Assistant Professor of Language and Culture Studies and Human Rights Studies Diana Aldrete.
The yearlong American Postdoctoral Research Leave Fellowship Program grant was awarded to Aldrete by the American Association of University Women (AAUW). It will provide Aldrete with the time and funding to take her research to the next level while she is on leave from teaching at Trinity during the 2025–26 academic year. “Teaching takes a lot of time, so right now I can just focus on the scholarship,” said Aldrete.
The fellowship program increases the number of women in tenure-track faculty positions and promotes gender equity for women in higher education by providing funding to women in academia to pursue independent research. AAUW American Fellowships are the oldest non-institutional source of graduate and postdoctoral funding for women in the United States.
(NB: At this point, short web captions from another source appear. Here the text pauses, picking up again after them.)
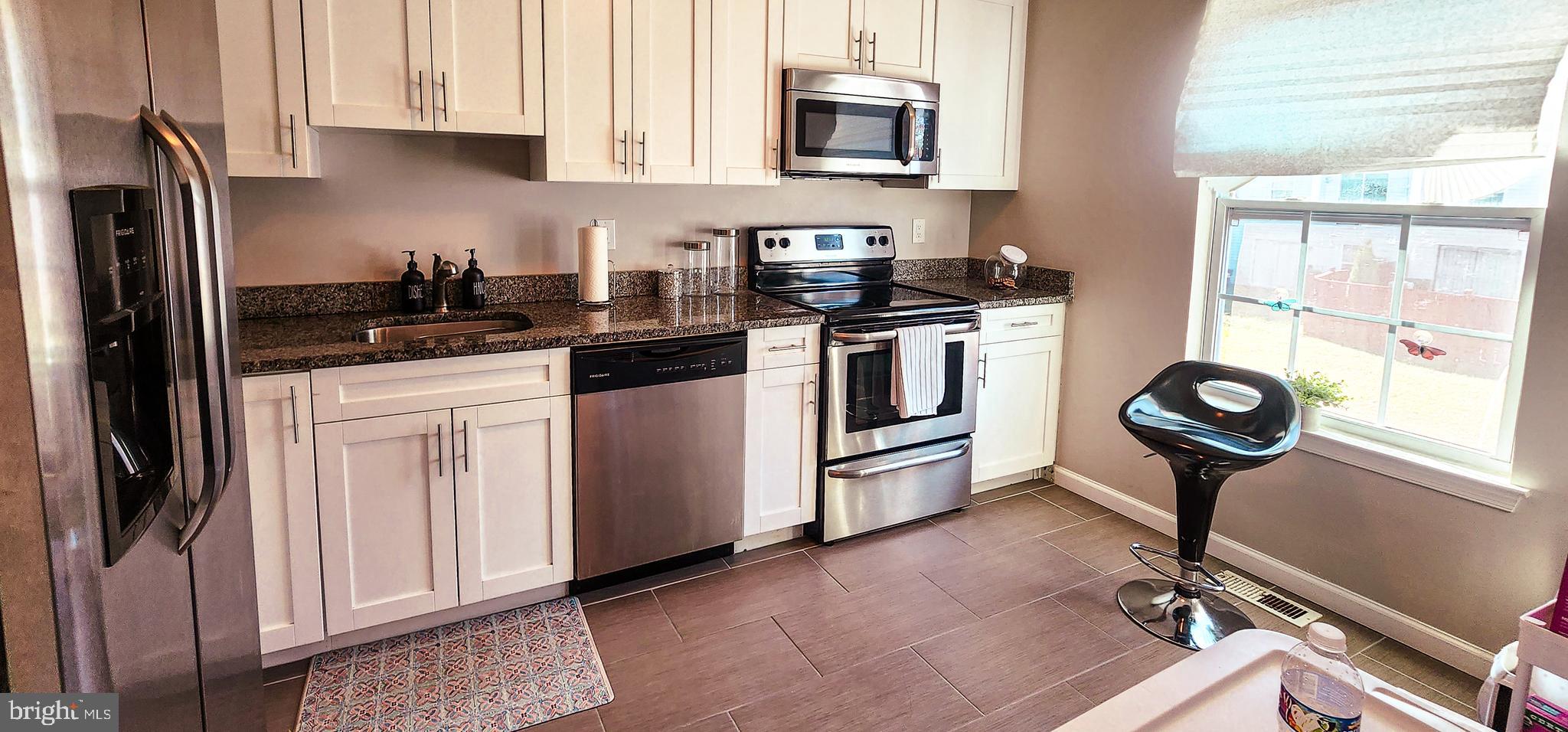 CAPITAL VIEW TOWNHOUSES - Residential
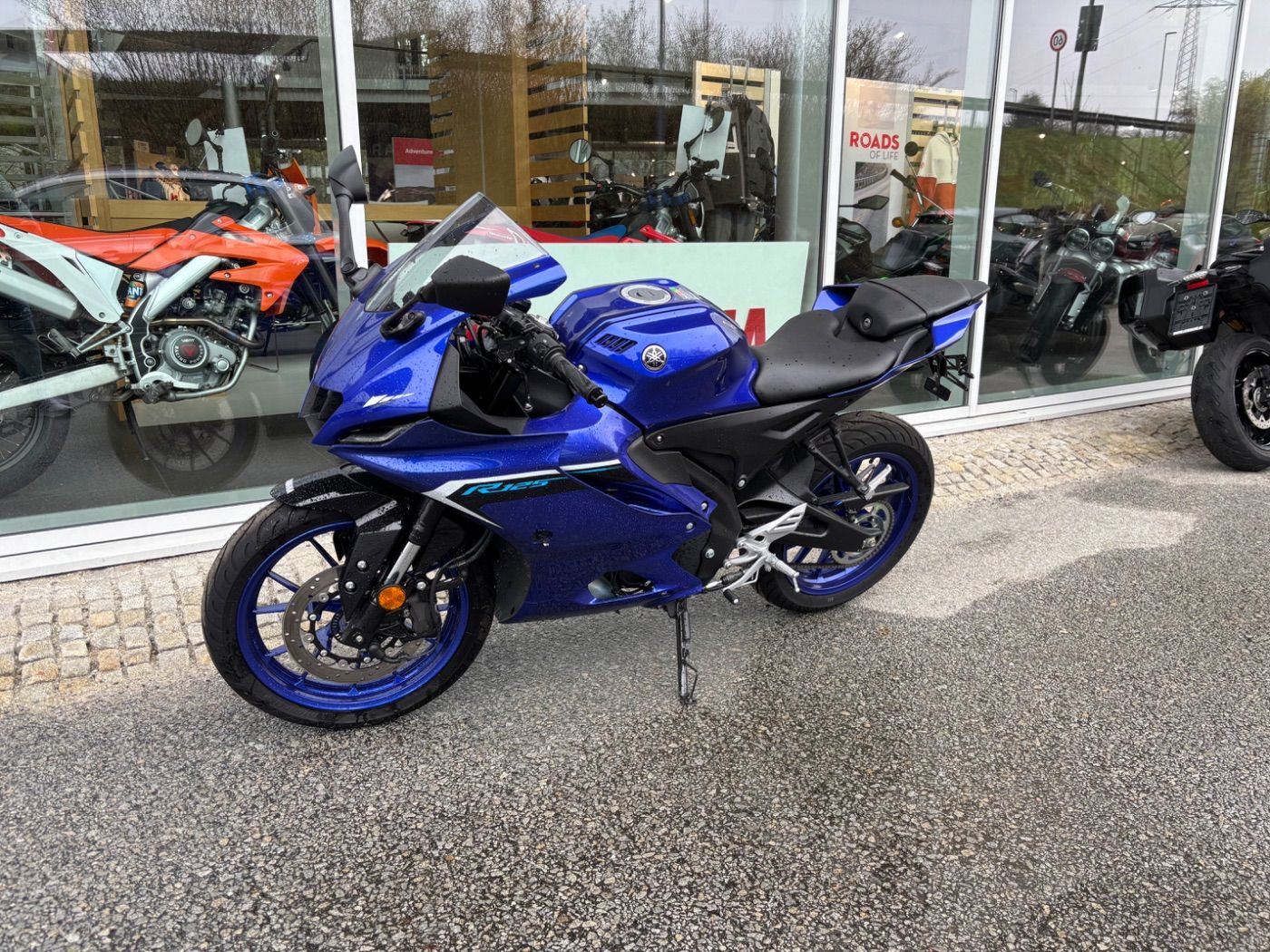 Fahrzeugabbildung Yamaha YZF- R125 mit Quickshifter und viel Zubehör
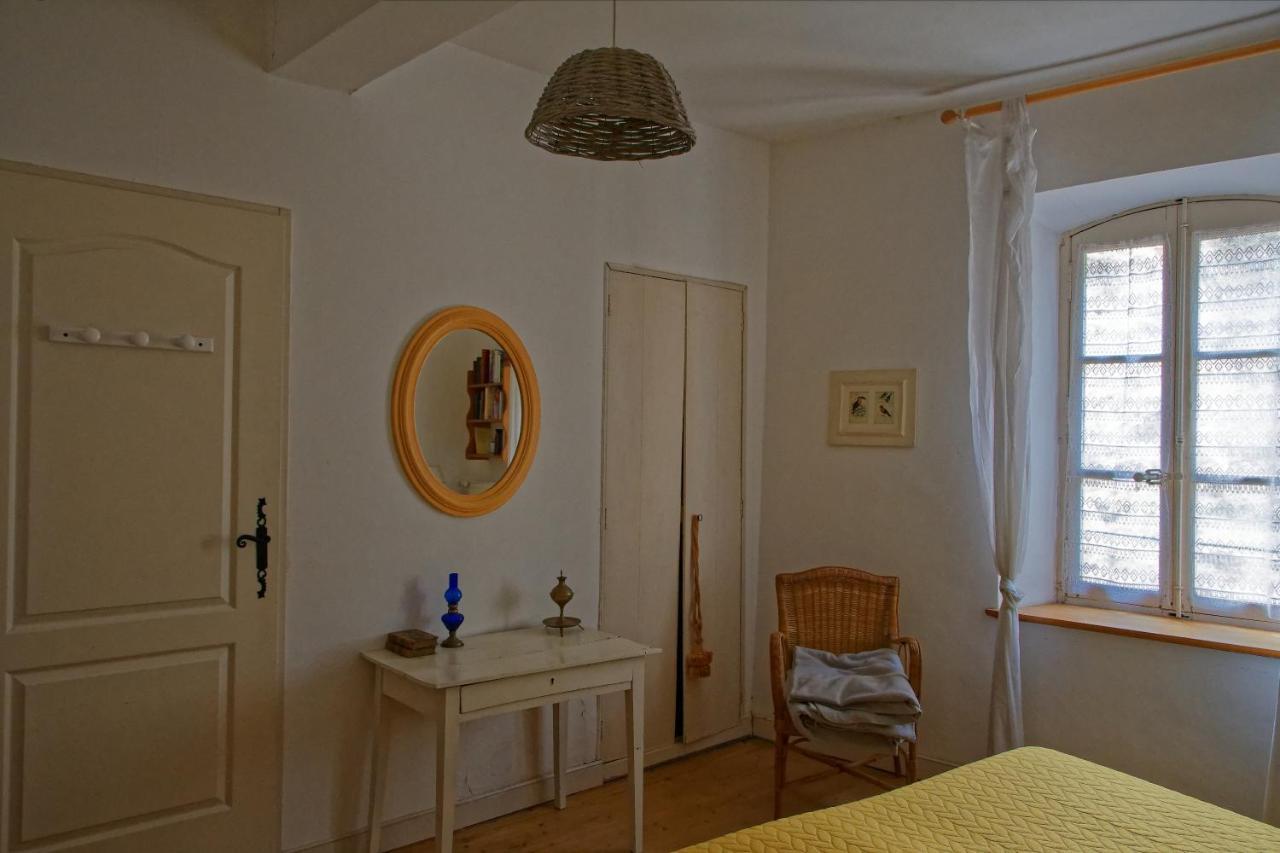Maison Rives - Village Du Livre De Montolieu Buitenkant foto
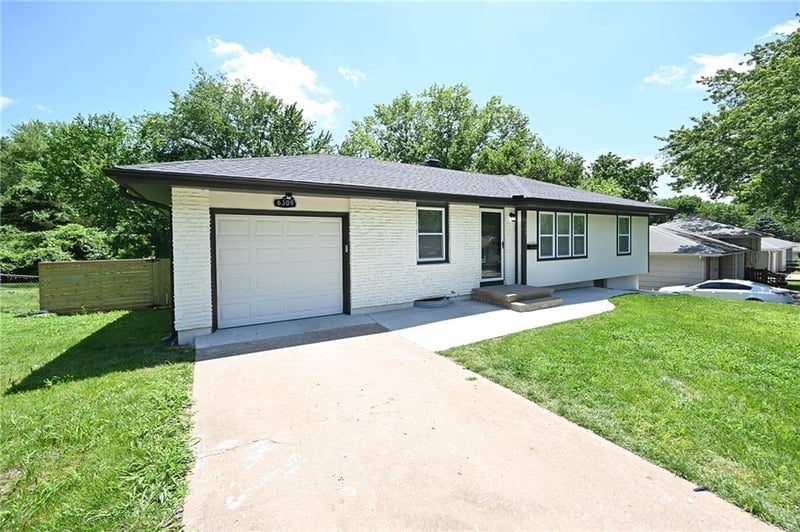 6309 102nd Ter, Kansas City, MO 64134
Between Land and Death dissects literature of gender violence in Mexico. It explores and challenges how literature informs social movements—which in turn inform law—and wrestles with the question of justice, according to Aldrete.
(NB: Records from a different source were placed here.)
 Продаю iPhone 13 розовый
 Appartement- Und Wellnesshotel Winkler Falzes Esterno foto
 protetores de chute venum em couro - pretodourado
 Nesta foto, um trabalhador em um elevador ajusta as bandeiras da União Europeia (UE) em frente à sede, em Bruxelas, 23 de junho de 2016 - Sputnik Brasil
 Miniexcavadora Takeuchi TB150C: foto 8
“When we think of justice in terms of laws, they’re ineffective. There are laws in Mexico criminalizing gender-based violence, yet it’s still ongoing,” she said. “The book focuses on how different forms of literature tackle this question of justice.”
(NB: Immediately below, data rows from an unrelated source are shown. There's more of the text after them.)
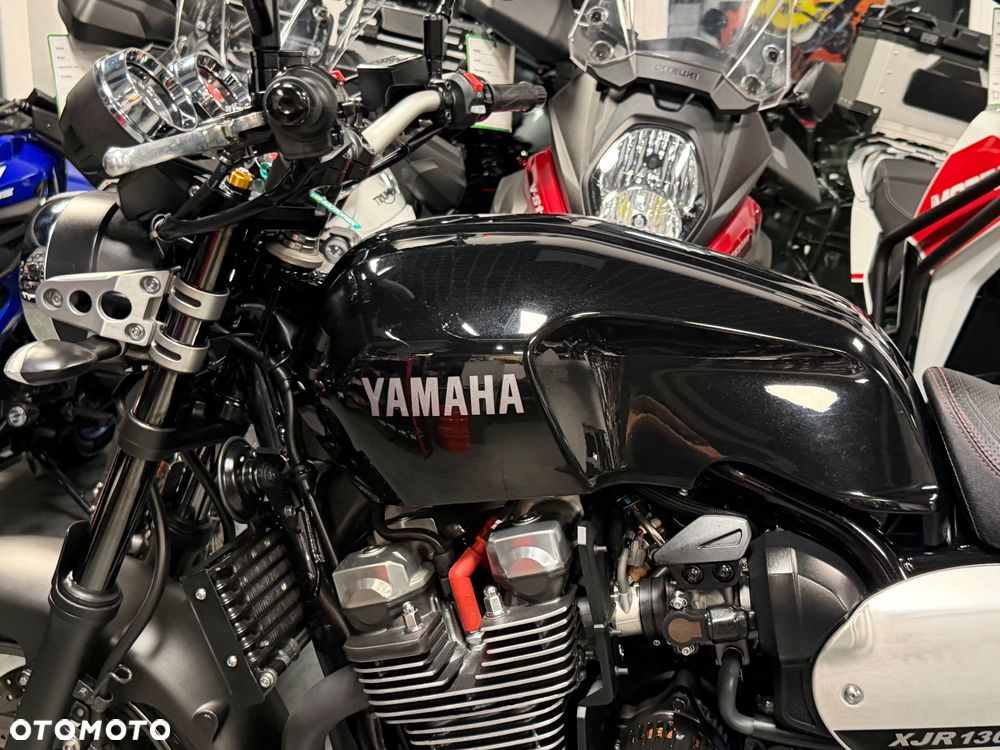 Yamaha XJR - 32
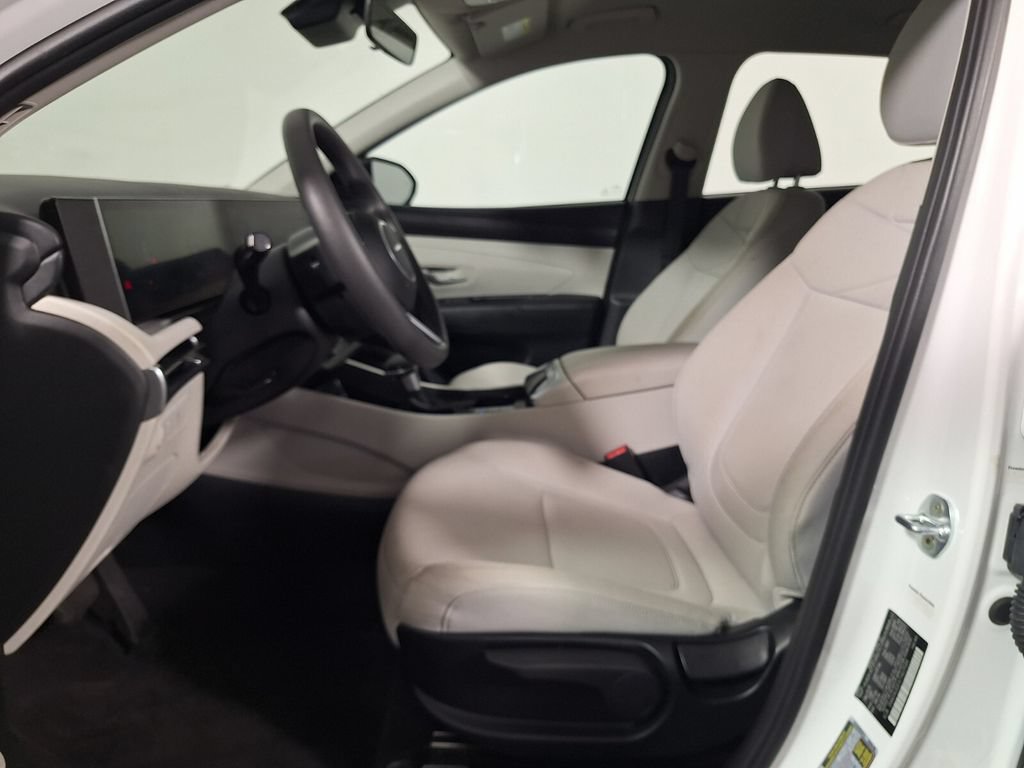 Used 2026 Hyundai Tucson SE FWD image 9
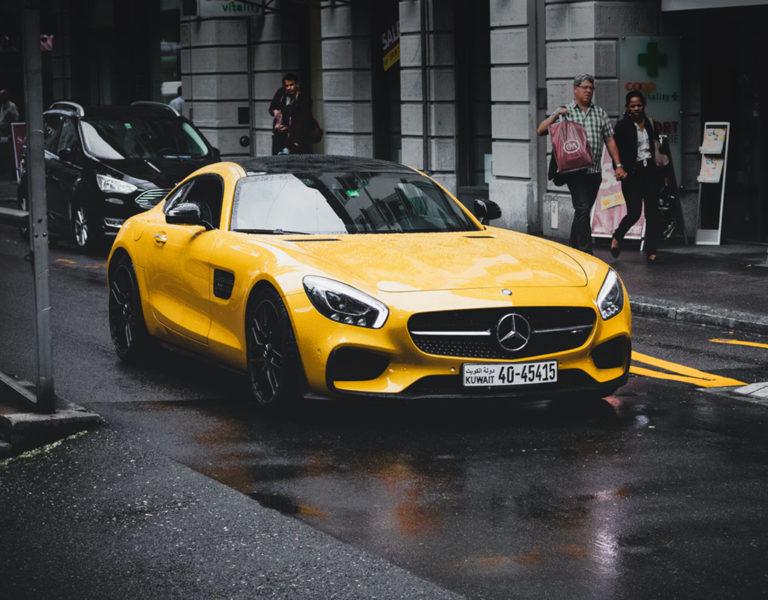 Mercedes-Benz AMG GT 2 portas coupe amarelo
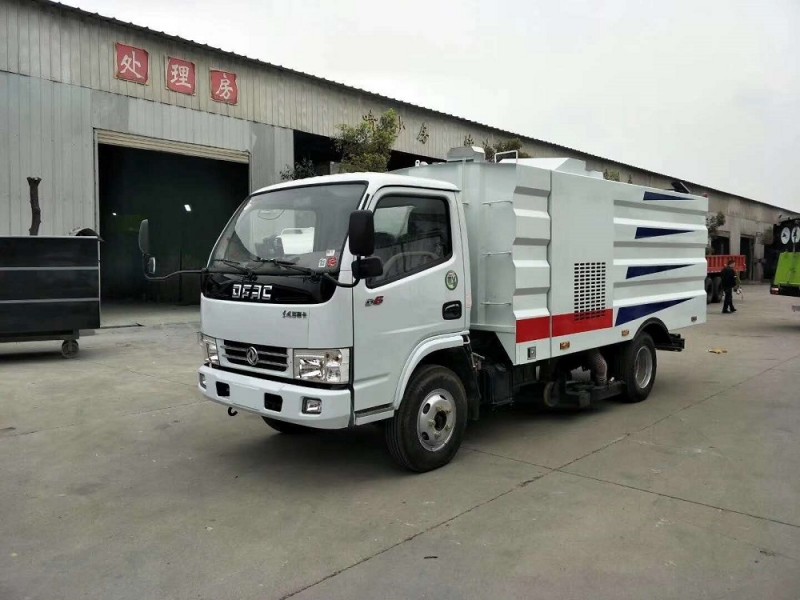 東風(fēng)小多利卡5方吸塵車(chē)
The topic of the book came out of Aldrete’s Ph.D. dissertation, which she completed at the University of Albany SUNY. The dissertation focused on gender-based violence in Mexico, specifically how literature represented the killings, and Aldrete is now expanding the research to the issues of justice and human rights, focusing on contemporary Mexican women writers.
“I teach ‘The Question of Justice and Visual Arts Accounting for Truths at Times of Trauma,’ looking at how the arts have played a role in human rights history in Latin America,” Aldrete said. “I proposed that course specifically thinking about my research.”
Aldrete said she believes that literature has a larger weight outside of the United States. “Here in the States, we think the way to make change is by policy,” she said. “What we see in the rest of the world, and what I see in Latin America, is how literature influences movements, and those movements influence policymaking, and those policies influence the community… When we think about authoritarian regimes, the first thing they burn are books, for a reason! I’m focusing on how these writers get involved in movements of anti-gender violence in Mexico, and how their words get into the community to the point where it pushes policy.”
With the support provided by the fellowship grant, Aldrete plans to travel to Mexico to interview the writers featured in her book. Aldrete also will use the funding to workshop the final chapters of her book, as well as to present her visual art in Houston at a conference. Additionally, she will be presenting part of a chapter from her book in November at the National Women’s Studies Association Annual Conference in Puerto Rico. Next spring, Aldrete will attend the Modern Language Association Convention in Toronto and the Latin American Studies Association Congress in Paris.
“It’s going to be a big year, so the time off is very welcome,” she said.